I wrote some time ago about the unpleasantness and cowardice of Scott Adams, the creator of Dilbert. I aired my disappointment that someone I’d respected for years was revealed as a self-absorbed fool when he started blogging.
His standard MO is:
- Say something foolish
- Insist that anyone who disagreed with him was an idiot
- Claim he was only joking or was playing devil’s advocate
He refuses to learn about the subjects he writes about – surely the mark of a crackpot – claiming that he doesn’t need to. He has espoused on creationism, on imagined flaws in evolution, on the big bang being intelligent (where his stupidity really outdid itself) and on western males being discriminated against.
When someone tells him why he was wrong, he and his readers accuse them of missing the point or of failing the humour test: of not realising that Adams makes up crackpot theories to provoke people into angry responses, which he finds amusing. This claim would be a lot more credible if he and his readers didn’t take what he writes so damned seriously; if his arguments weren’t simple-minded rehashings of standard creationist canards; and if he didn’t view knowledge of a subject as disqualifying someone from raising a valid objection.
It turns out that Adams has been leaving comments on message boards under a pseudonym, posing as his own fan.
It’s embarrassing stuff. He likes to argue with his critics by pointing out that he’s a ‘certified genius’. His response is predictable: if we were smarter, we’d have been onto his little ‘joke’ from the start. We’re the fools for taking someone at their word when there was no reason at all not to.
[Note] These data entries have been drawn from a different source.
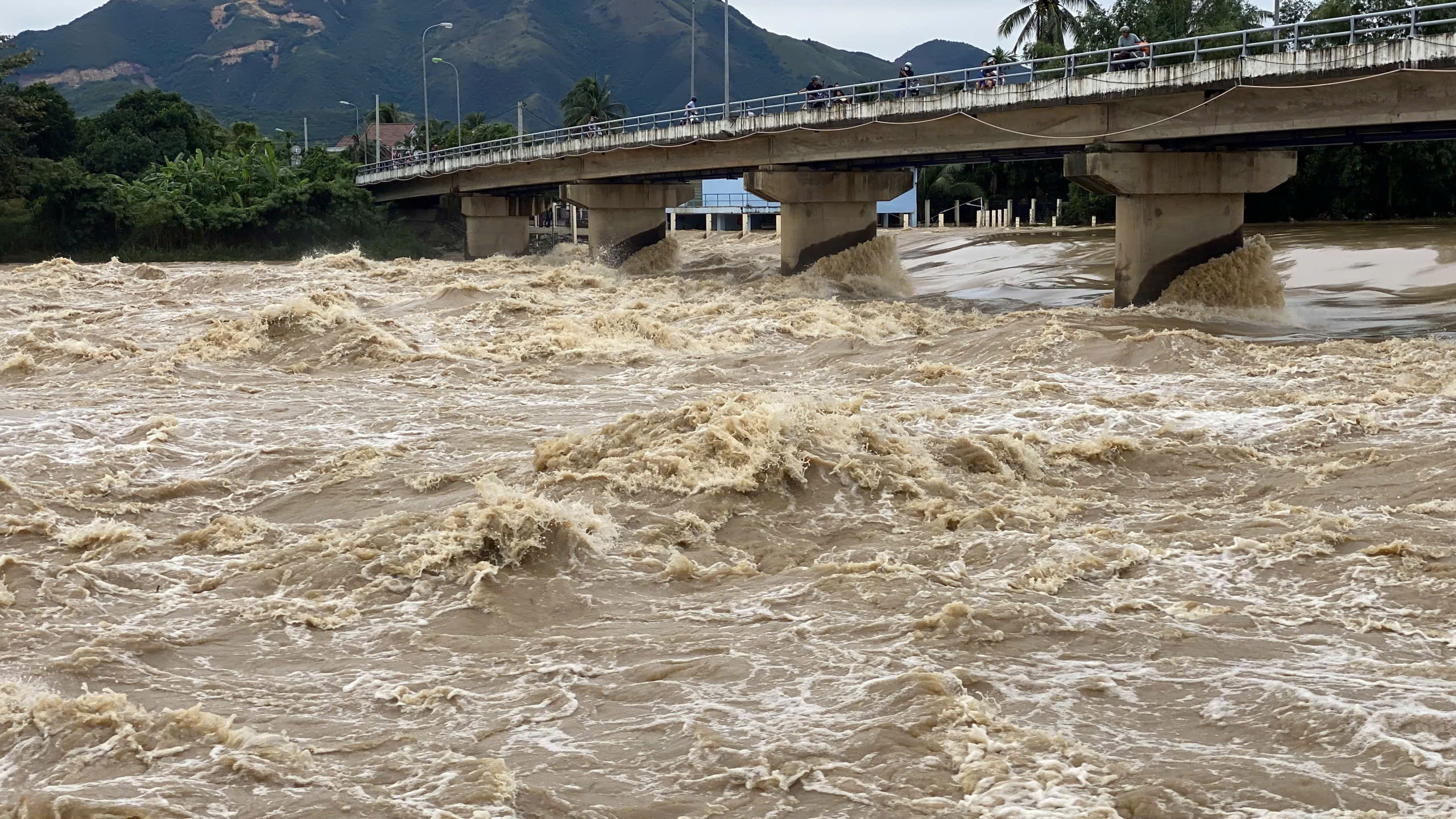 Lũ vượt báo động 3 trên hai sông Cái lớn nhất Khánh Hòa, cảnh báo ngập lụt - Ảnh 1.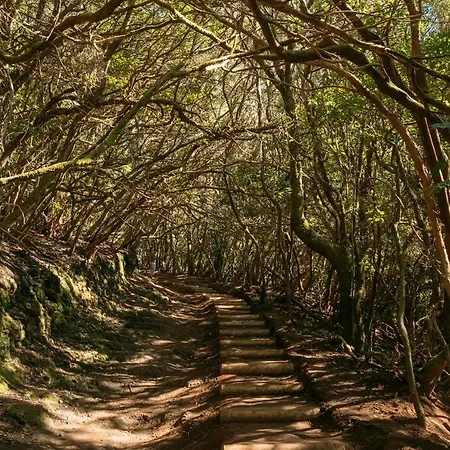 El Garajillo 公寓 *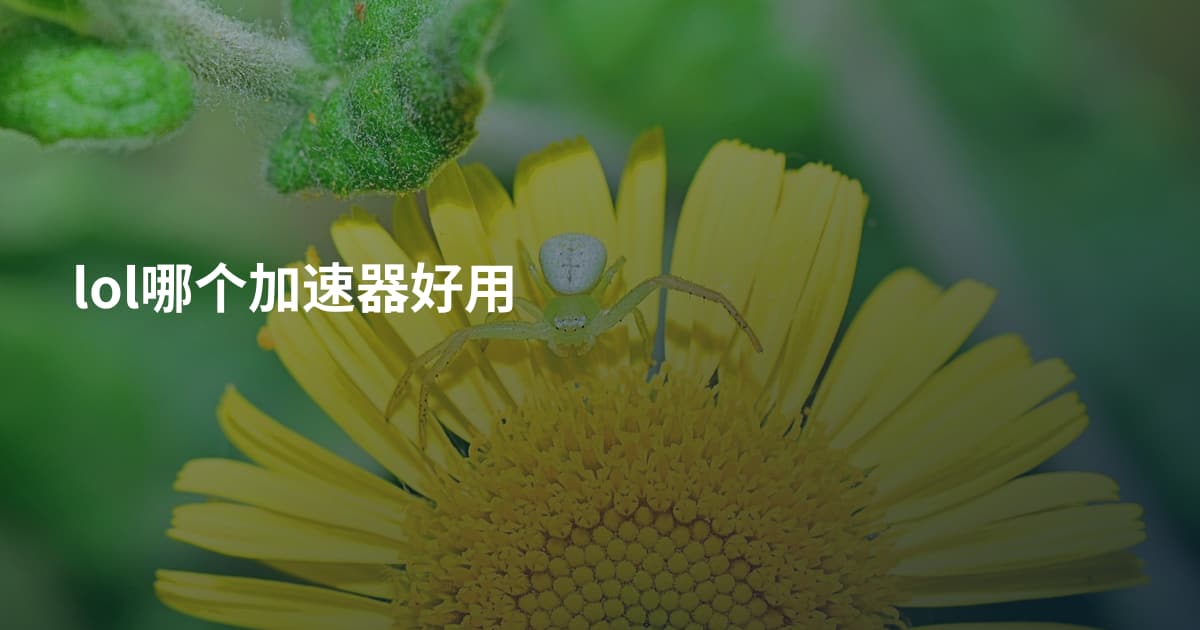 lol哪个加速器好用
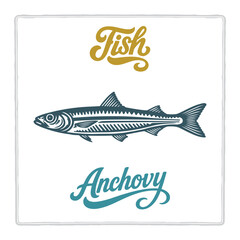 Hand drawn Anchovy fish illustration in vintage engraving style with lettering. Perfect for seafood design, restaurant branding, menus, labels, posters, and packaging. Part of set.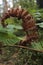 Brown fern near the road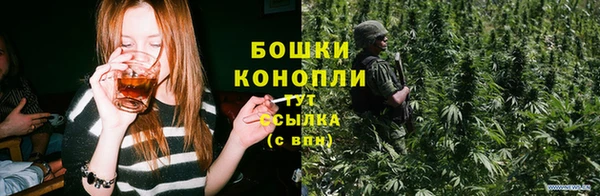 крисы Аркадак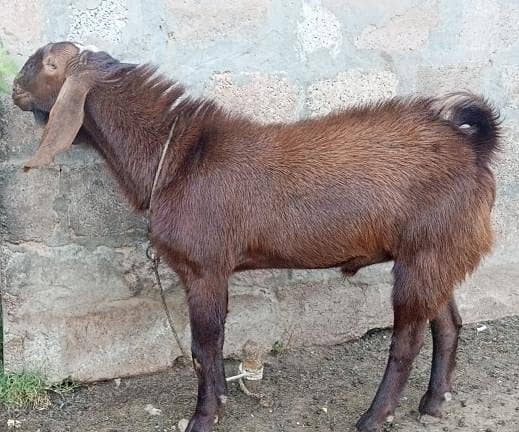 Bakrey 4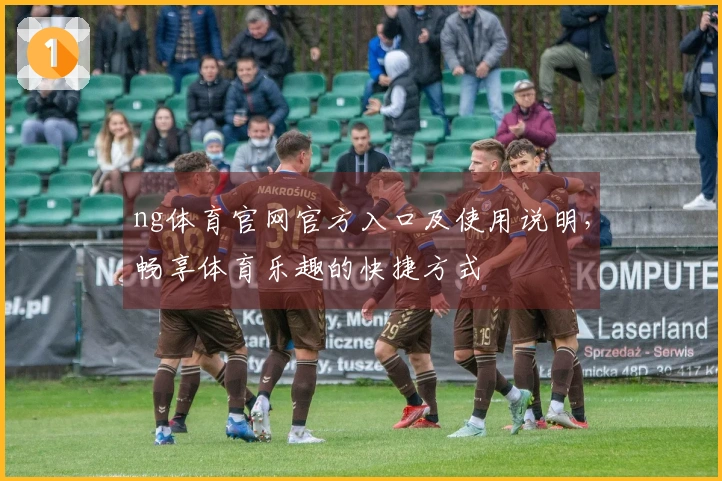 ng体育官网官方入口及使用说明，畅享体育乐趣的快捷方式
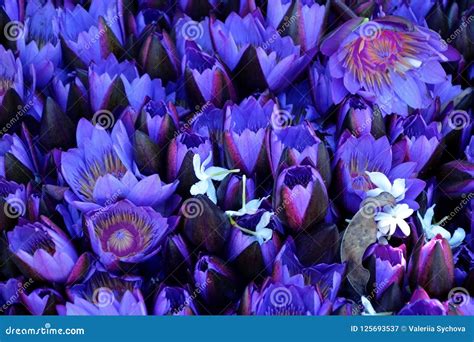 Lotus Flowers Open and Closed Closeup. Floral Purple Background Stock Image - Image of holidays ...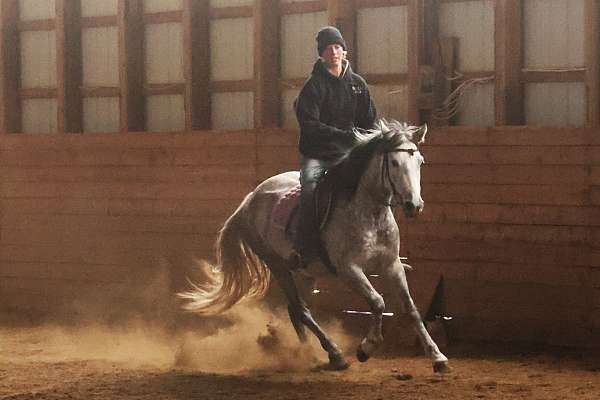 performance-andalusian-welsh-cob-horse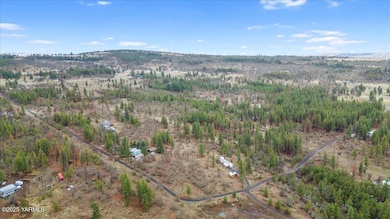 NKA Log Cabin Rd, Goldendale, WA 98620 - photo 3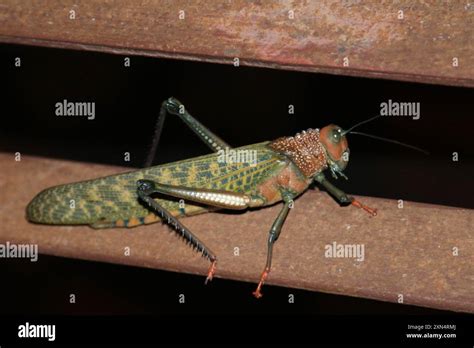 Giant Red Winged Grasshopper Tropidacris Cristata Insecta Stock Photo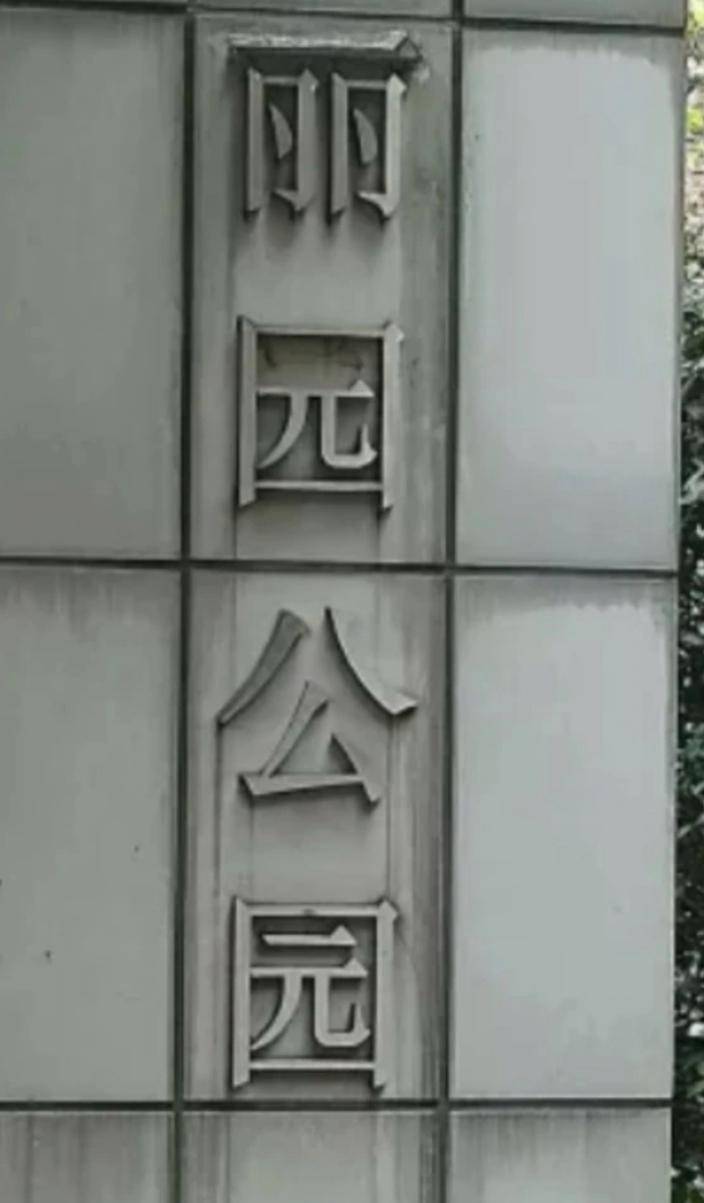 上海黄浦丽园公园美到难忘_市民_进行_长椅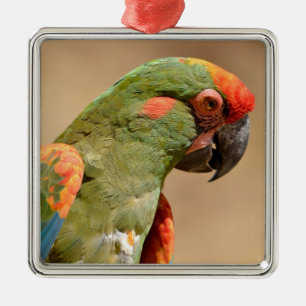 Portrait of red-fronted macaw  metal ornament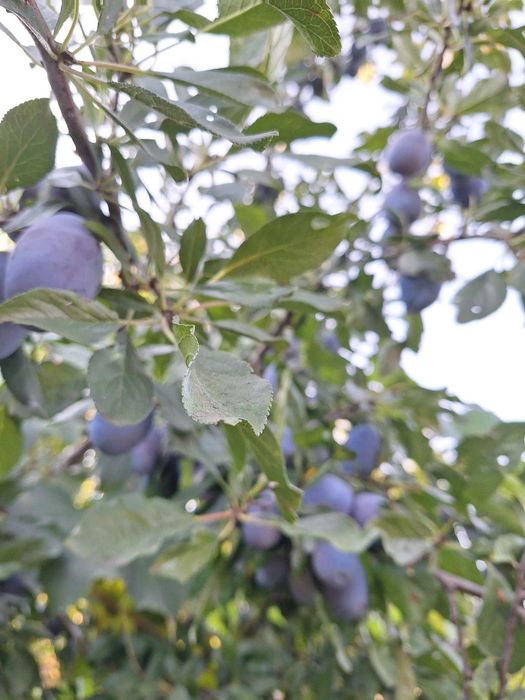 PRUNE si PERE cu gust adevarat, fara tratamente fitosanitare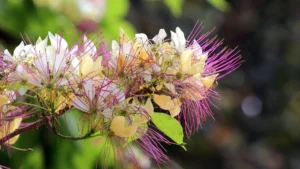 Crateva religiosa (Neermathalam) – Close-up of white fragrant flowers and green leaves of the medicinal tree commonly found in India and used in Ayurveda.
I'm sorry I peed in your cesspool. For what it's worth, the smart people were on to me after the first post. That made it funnier.
If Adams is to be taken at his word, then he’s like a child who tells a deliberate but plausible mistruth then finds it hysterical when people believe it. But I don’t buy this. Adams thinks he’s the smartest person in every room. He thinks he’s smart enough that he doesn’t need to know anything about a subject in order to overturn the work of people who’ve spent their whole careers studying it.
If you have to tell people you’re a genius, you probably aren’t and if you have to defend yourself with a sock puppet (and especially if the defence is “he’s a genius so you’re wrong”) then you probably know you have something to hide.